München - 170 Jahre Tanzkunst vielschichtig beleuchtet – expressiv zum Leben erweckt

Xl_bayerische_staatsoper_nationaltheater_c_felix_loechner © Friedrich Löchner

Ballettfestwoche München Frühjahrsmatinee der Heinz Bosl Stiftung

Bayerisches Nationaltheater 2.4.2023

170 Jahre Tanzkunst vielschichtig beleuchtet – expressiv zum Leben erweckt

Die Ballettfestwoche München ist seit Jahren fester Bestandteil der Tanzkultur und Publikumsmagnet der bayerischen Landeshauptstadt. Die Heinz Bosl Stiftung widmet sich seit den 70iger Jahren mit viel Erfolg und Einsatz der Förderung des Tanznachwuchses. Mit der Gründung des Bayerischen Junior Balletts konnte auch eine wichtige Lücke in der Tanzkarriere des Nachwuchses nach der Ausbildung an der Ballettakademie  an der Hochschule für Musik und Theater geschlossen werden. Alljährlich stellt die Stiftung in zwei Matineen die Entwicklung der jungen Tänzer und Tänzerinnen gemeinsam mit dem Staatsballett in der Bayerischen Staatsoper vor.

Das Zauberschloss von Nainavermittelt die Ballettszenen der Oper Ruslan und Ljudmilla von Michael Glinka, 1842 in St.
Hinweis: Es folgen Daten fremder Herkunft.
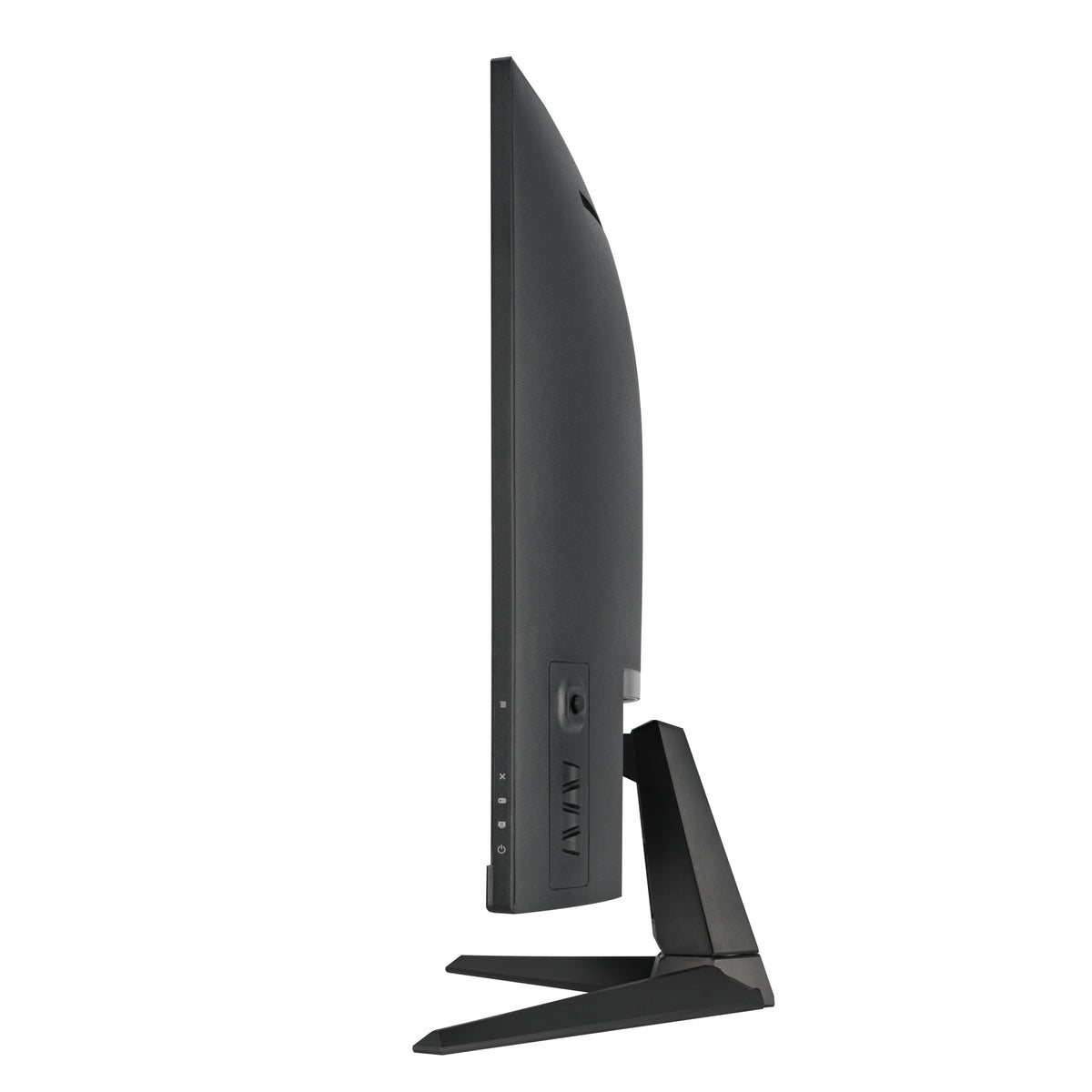 ASUS TUF Gaming VG32VQM5B Computerbildschirm 80 cm (31.5") 1920 x 1080 Pixel Full HD LCD Schwarz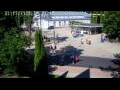 Webcam Jurmala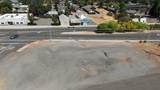 020 Shasta Dam Blvd - Photo 3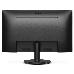 МОНИТОР 27" PHILIPS 275V8LA/00 Black (VA, 2560x1440, 75Hz, 4 ms, 178°/178°, 250 cd/m, 4000:1, +2xHDMI 1.4, +DisplayPort), фото 5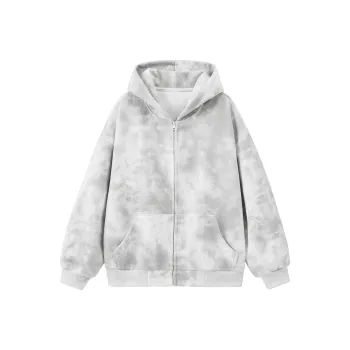 TOM ADAM Sweatshirts Unisex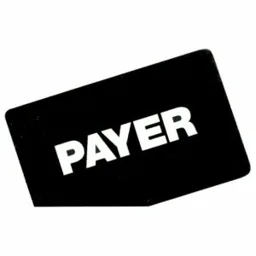 PAYER – varumärke, E-Invest Stockholm AB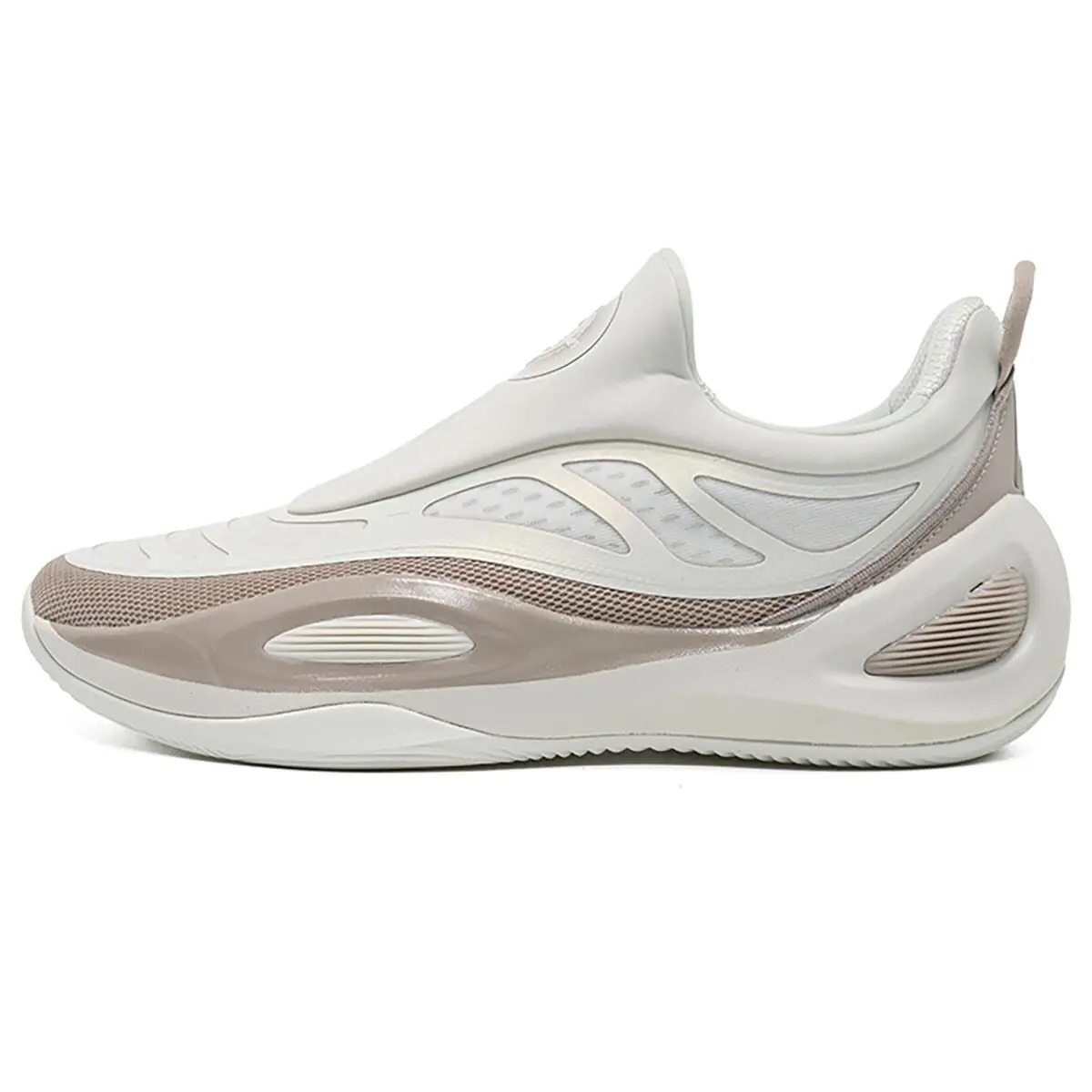 sportisgood550082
Petersburg uraufgeführt. 1917 beauftragte das Mariinsky Theater ebendort  Michel Fokine mit einer choreographischen Neugestaltung, welche sich zu einem Standardstück der heranwachsenden Ballettelite entwickelte. In zahlreichen Bildern, Pas de Deux Pas de Quatre und Aufreihungen der gesamten Ballettcompagnie zeigen die Mitglieder der Ballettakademie die klassischen Tanzschritte, Sprünge und Figuren in feinster Ausfertigung und mit großer Fertigung. Ebenso gilt die fröhlich unbeschwerte Choreographie des Dänen Auguste Bournonville (1805-1879) zur Musik von Johan Peter Emilius Hartmann mit dem Titel Ein Volksmärchen zu einem beliebten Klassiker, der immer wieder in der Ausbildung einstudiert wird. Der einflussreiche künstlerische Leiter des königlich dänischen Balletts schöpft aus der neapolitanischen Folklore und kreiert ein munter stimmungsvolles mediterranes Bild mit lockeren Tanzfolgen, markanten Soli und Pas de Deux.
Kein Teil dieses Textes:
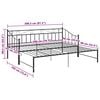 Product Thumbnail Image 11 of 11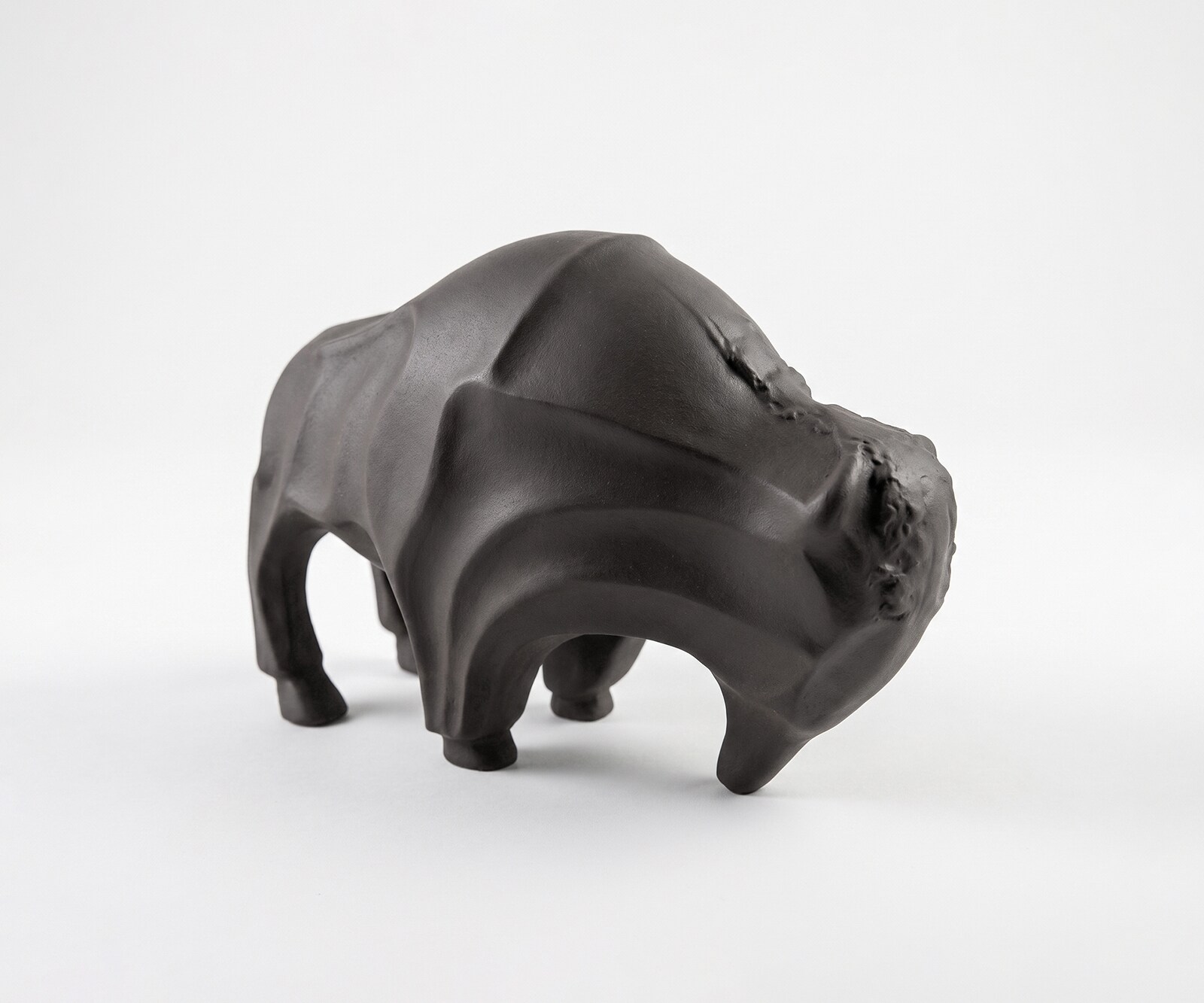 Figure Taurus 2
Modernes Tanztheater mit starkem Ausdruck, kantigen eindrucksvollen vom Rhythmus geprägten Tanzformationen und Bewegungen definieren das 1994 uraufgeführte Stück Concertante des Niederländers Hans van Manen zur Musik von Frank Martin. Er zählt zu den bedeutendsten Choreografen und gilt als Erneuer des modernen Ballettstil. Seine Schöpfungen werden weltweit immer wieder erarbeitet, seine gefühlvollen Verbindungen der Elemente Harmonie, Melodie und Rhythmik zu den körperlichen Bewegungs- und dramatischen Ausdrucksformen inspirieren bis heute. In enganliegenden changierenden Kostümen kommt die körperliche Erscheinung und Bewegung gezielt zum Ausdruck, schroff und schnell sind die Bewegungselemente, die Körper gehen aufeinander zu ohne sich zu vereinen. Die Musik ergibt aus rhythmischen Bausteinen eine Melodie die nach vorne drängt ohne zu hetzen.
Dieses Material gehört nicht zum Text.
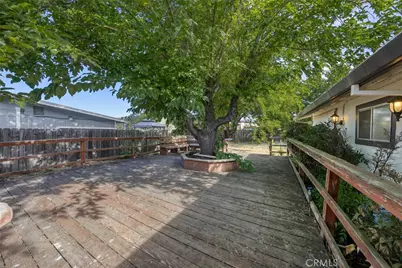 6870 Stonybrook, Clearlake, CA 95422 - Photo 46
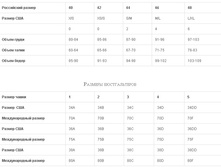 ������� ��������.jpg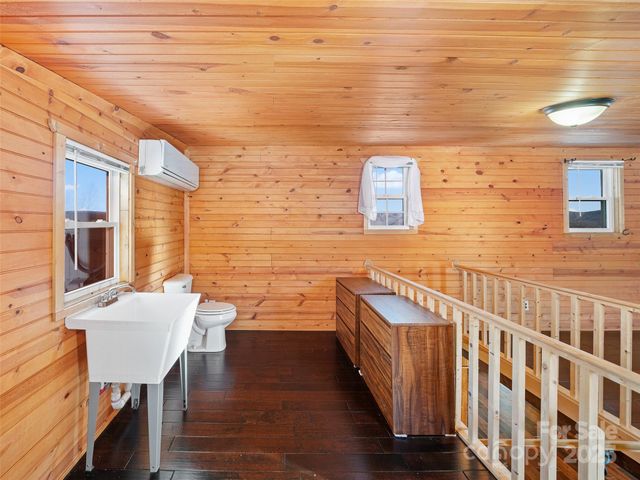 1115 Elk Wallow None, Bakersville, NC 28705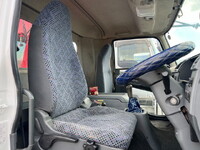 MITSUBISHI FUSO Fighter Self Loader (With 4 Steps Of Cranes) PJ-FK72FZ 2007 109,425km_38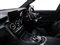 Mercedes-Benz GLC Image 3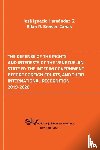 Hernandez G, Jose Ignacio, Brewer-Carias, Allan R - The Defense of the Rights and Interest of the Venezuelan State by the Interim Government Before Foreign Courts. 2019-2020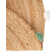Tapis pour enfants en jute tressé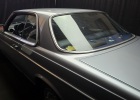 Classiche Auto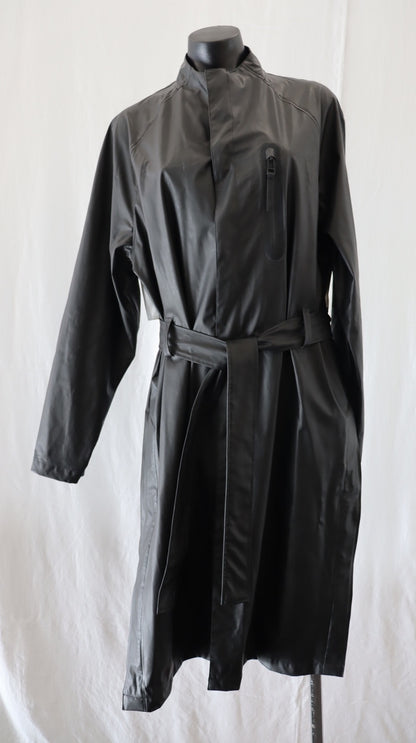 Rains Jacket M - L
Nach der Pause erlebt das tanzbegeisterte Publikum einen weiteren Entwicklungsschritt des modernen Tanzes. Neben Musik, mittlerweile immer mehr von der Technik geprägt werden auch gesprochene Worte zur Bewegungsinspiration bis hin zum eigenem Tanzelement. Mit The 6th Sensezeigt David Russo, Dozent an der Ballettakademie der Hochschule für Musik und Theater München,zu einer Musikkollage von Robin Perizonius und ihm selbst, zeitgenössischen Tanz, der Richtung Akrobatik, Technik und psychologischer Expressivität geht. Ohne die Propriozeption, dem 6. Sinn, ist keine körperliche Bewegung möglich, einmal mehr ein Grund und intelligenter Aufhänger ein Tanzstück dieser Tiefensensibilität zu widmen. Ein Sprecher formuliert wissenschaftliche Erläuterungen, die Tänzer und Tänzerinnen sammeln und formieren sich in moderner Trendkleidung. Aus dem Nichts tauchen Bewegungsbilder wie Blitzlichter auf.  Zu Technomusikeinlagen bilden sich schematisch Tanzgruppen mit Tanzschritten an Gymnastikübungen erinnernd. Neurowissenschaft und Körperkonzepte verbinden sich zu einem anschaulichen Lehrstück.

Im der abschließenden Choreopraphie von Jiri Kylian zu der Musik von Gustav Mahler Lieder eines fahrenden Gesellen kehrt die Ballettakademie zurück zu klassischen Tanzformen in die Modernität geführt. Vor einem romantischen Naturbild, ein Weg der aus einer Schlucht in die offenen Landschaft führt, tanzen fünf Paare ineinander fließend ihre Pas de Deux mit verschlungenen Phrasen, emotional geladen mit fordernden Hebefiguren und Sprüngen. Nostalgie ist bewußtes Element der Neoklassik und verbindet sich mit der Melancholie und Trauer der Musik Mahlers. Ruhig und stimmungsvoll klingt dieser gelungene künstlerische Querschnitt durch die internationale Ballettgeschichte aus.

Großer Jubel im ausverkauften Haus, jung und alt ist hin- und mitgerissen. Die Tanzbegeisterung ist ungebrochen.